> [PROMPT]: Transcribe exactly the lines from the one holding "Tubo Germinativo Positivo" through the closing line of the entries below. Pictures stay out of the copy.

==============================

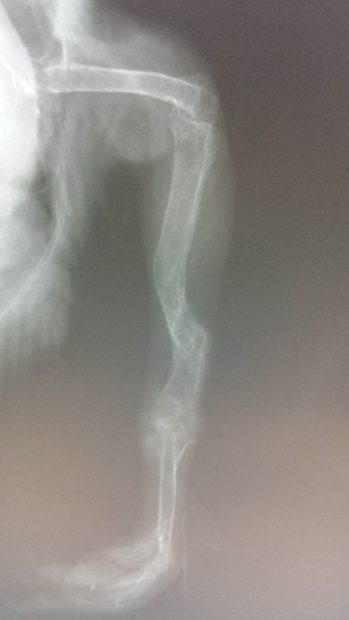 Radiographs show multiple breaks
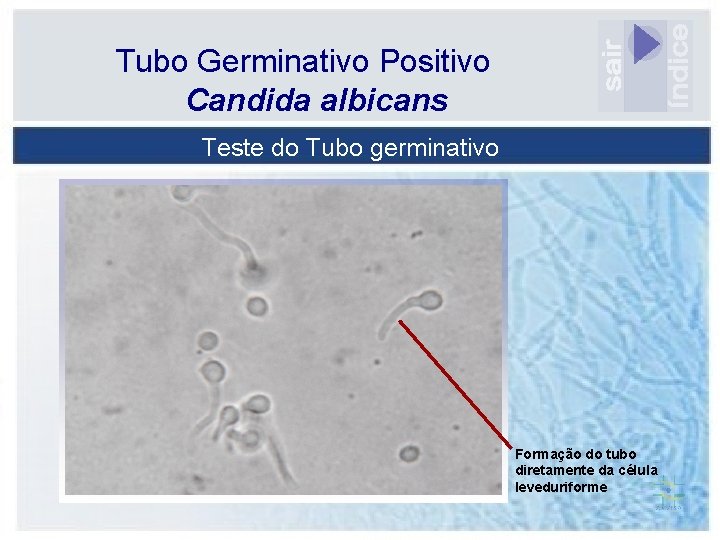 Tubo Germinativo Positivo Candida albicans Teste do Tubo germinativo Formação do tubo diretamente da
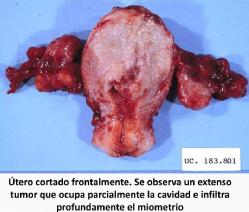 Foto de un útero con un tumor en el endometrio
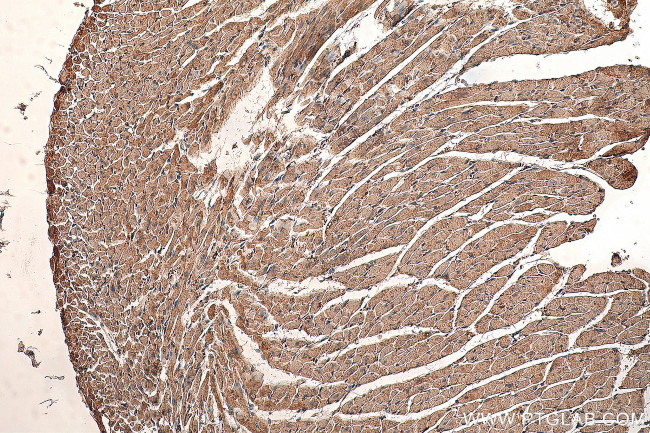 Phospholemman/FXYD1 Antibody in Immunohistochemistry (Paraffin) (IHC (P))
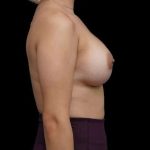 Breast Augmentation Before & After Patient #553
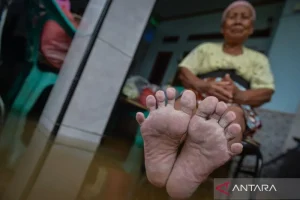 Mengatasi Kaki Gatal Terus? Kenali 5 Penyebab, Cara Mengatasi dan Mencegahnya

==============================

> [RESULT FOR THIS EXERCISE]:
 Tubo Germinativo Positivo Candida albicans Teste do Tubo germinativo Formação do tubo diretamente da
 Foto de un útero con un tumor en el endometrio
 Phospholemman/FXYD1 Antibody in Immunohistochemistry (Paraffin) (IHC (P))
 Breast Augmentation Before & After Patient #553
 Mengatasi Kaki Gatal Terus? Kenali 5 Penyebab, Cara Mengatasi dan Mencegahnya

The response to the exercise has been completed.